(Excerpts from a dataset)

•••

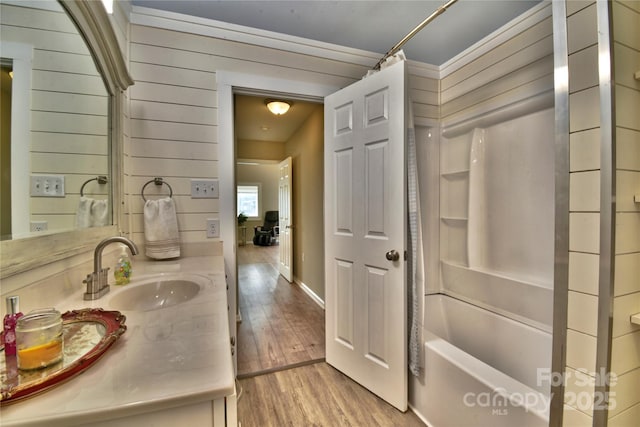 full bath with shower / tub combo, baseboards, vanity, and wood finished floors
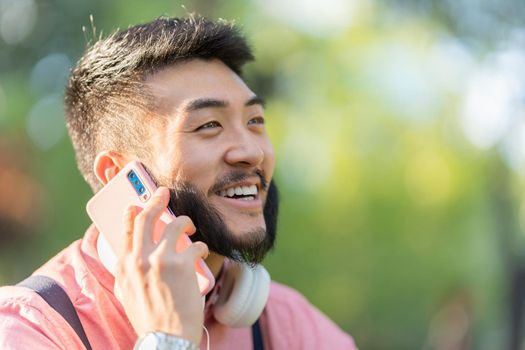 Portrait with focus on a happy asian man with casual clothes talking to the mobile in a park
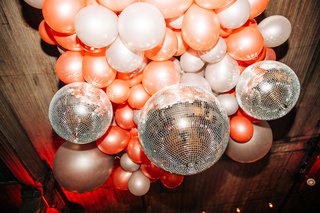 Pink and silver balloons and disco balls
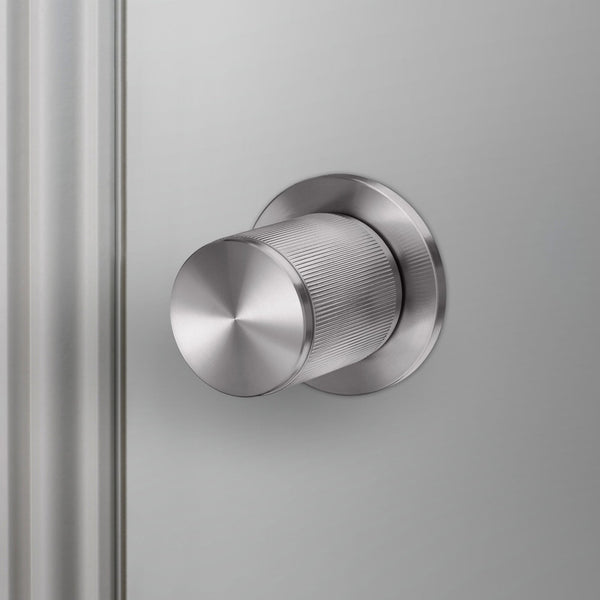 Linear Knurled Fixed Single Sided Door Knob In Steel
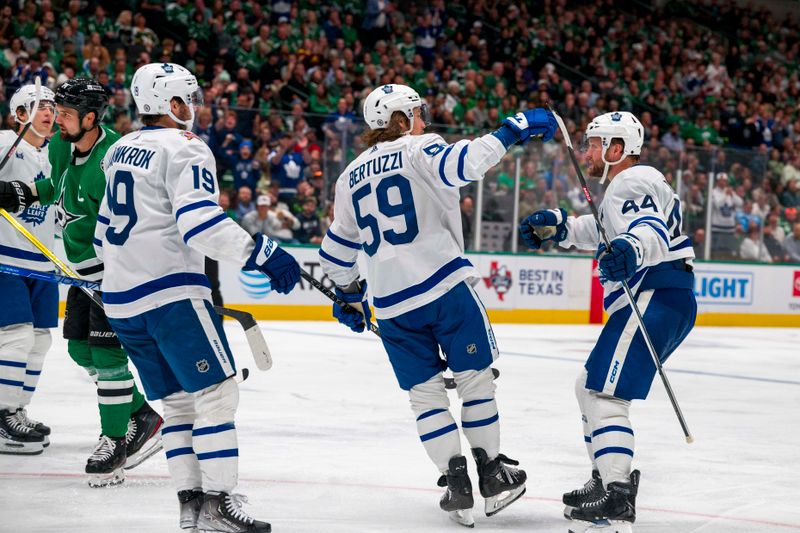 Oct 26, 2023; Dallas, Texas, USA; Toronto Maple Leafs center Calle Jarnkrok (19) and left wing Tyler Bertuzzi (59) and defenseman Morgan Rielly (44) celebrates a goal scored by Bertuzzi against the Dallas Stars during the third period at the American Airlines Center. Mandatory Credit: Jerome Miron-USA TODAY Sports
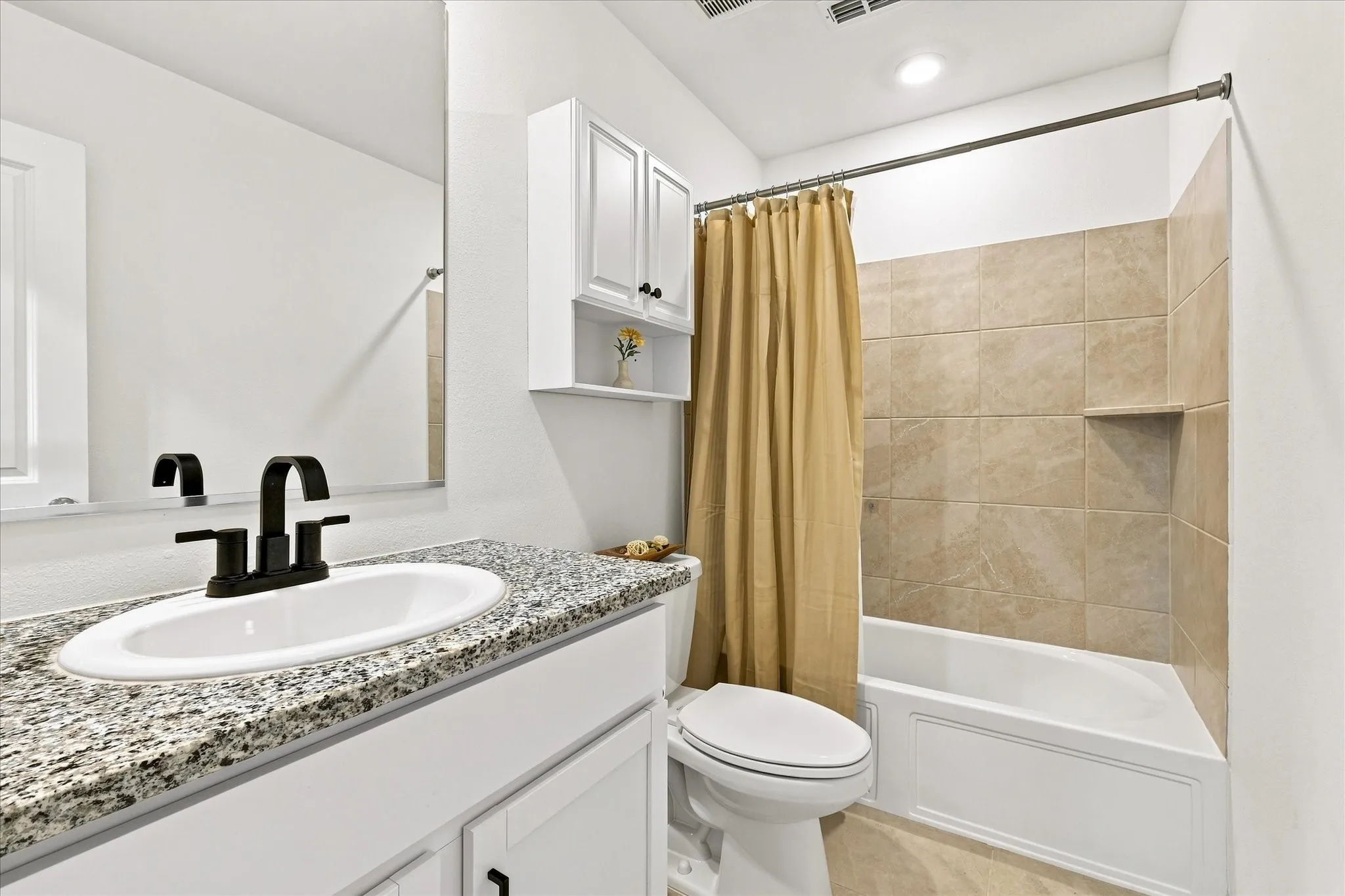 Granite-finish vanity countertop with an undermount sink and matte black faucet, white cabinetry, and tiled shower surround with an integrated niche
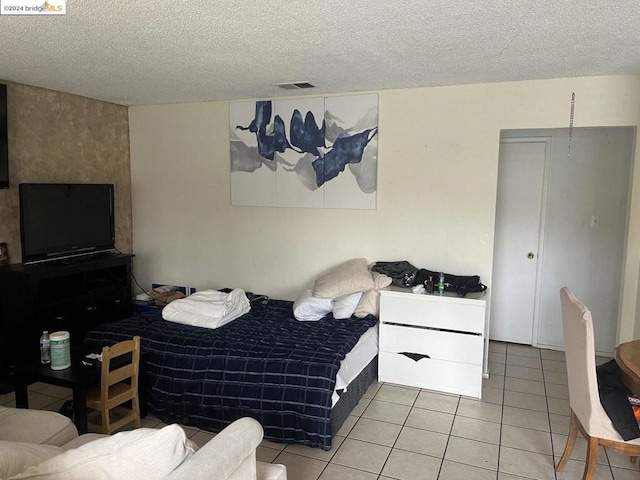 bedroom featuring light tile patterned floors and a textured ceiling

•••

■ WORK ITEM ■
Look above for the line with "Portrait with focus" and the line with "Linear Knurled Fixed", then restate exactly those two lines and all lines between them, with no pictures.

■ RESULT FOR THIS EXERCISE ■
 Portrait with focus on a happy asian man with casual clothes talking to the mobile in a park
 Pink and silver balloons and disco balls
 Linear Knurled Fixed Single Sided Door Knob In Steel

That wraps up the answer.